By: Gary Rudnick, co-CEO
I grew up the son of a workaholic, but saw first-hand that being a good, present, loving father doesn’t have to be sacrificed for work. While my Dad traveled a lot and stood at payphones talking to clients many a vacation, he also taught me three important lessons about being a parent:

  1. The little things matter as much or more as the big things. Nobody wants to miss the big things – the birthdays, the recitals, the school awards – and I think most people find a way to be there for those moments. But taking your kid’s call at work when you’re in an important meeting, showing up for even 10 minutes of their away game, or sharing memes/texts/dog videos during the workday, shows them that you are actually thinking about and prioritizing them, that you care, and that they aren’t just an important “to-do” on your crowded list of tasks.
  2. One-on-one time is crucial, and is often the most memorable. My Dad and I used to shoot pool, go out to breakfast at diners, and watch The Three Stooges together on Sunday mornings, and those memories are forever etched in my mind. Even with three daughters who have very busy social lives, I often take one out to breakfast alone, have a weekly trip to McDonald’s with another, and ski the harder trails together one afternoon with the third.
  3. Parenting is about them, not you. Share your interests with them, but do (and talk about) what they want, too. Yes, my daughters have been over-exposed to Boston sports, eaten at Carson’s Ribs more than they might prefer, and been forced to listen to music in the car that they hate. But, they also have a Dad that goes clothes shopping alone with them all the time, knows all about the catty girl group at their school, tried Orange Theory and a face mask, allows them to put on snapchat filters that make him look like a cat, and knows their friends by name.

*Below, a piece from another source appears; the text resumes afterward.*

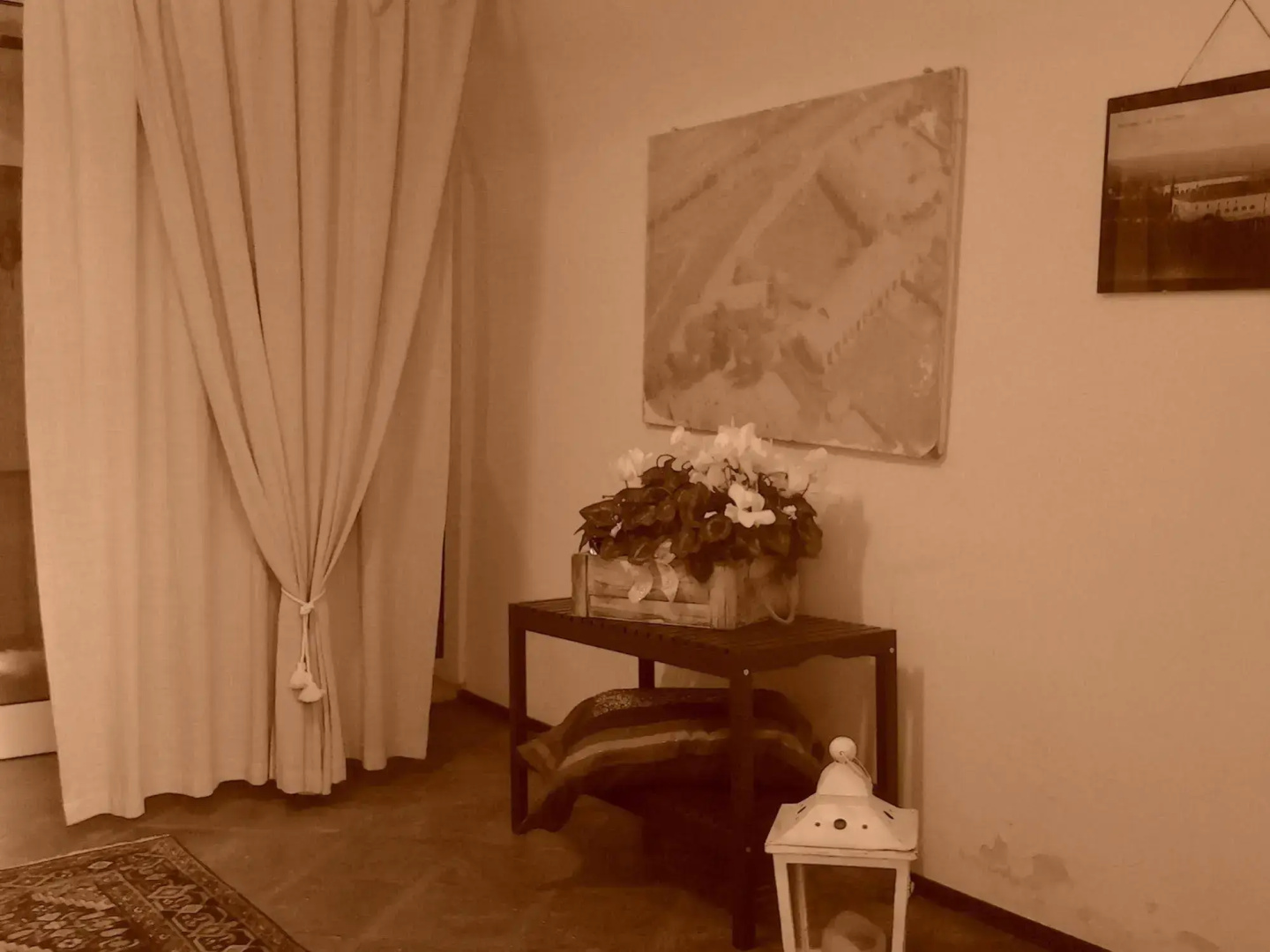 Foto - Hotel La Corte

Work is incredibly important, and often needs to be prioritized. But my proudest life accomplishments will always be my daughters – not my clients, new business wins, or Agency of the Year awards. Sometimes it’s good to remind yourself of that.

By: Matt Neale, co-CEO
I haven’t always gotten balancing my career and being a father right. Who does? Speaking on the subject, Alan Jope, CEO of Unilever said, “You can always get another job. You can’t get another family.” Prescient words that every parent should hold dear.

I once missed a birthday for a last-minute trip to China and swore I’d never again make a promise that I couldn’t keep. It’s never too late to change, until it is.

Today I lean into my two daughters’ lives. I’m a proud ‘ballet dad’ with a strong hair-game. Although, my performance bun with gel needs work. Last week was early starts, packing school lunches, planning outfits and attending late-night performances. Note: there’s nothing more soul-crushing than discovering a rejected sandwich which you lovingly prepared at 6:15 a.m.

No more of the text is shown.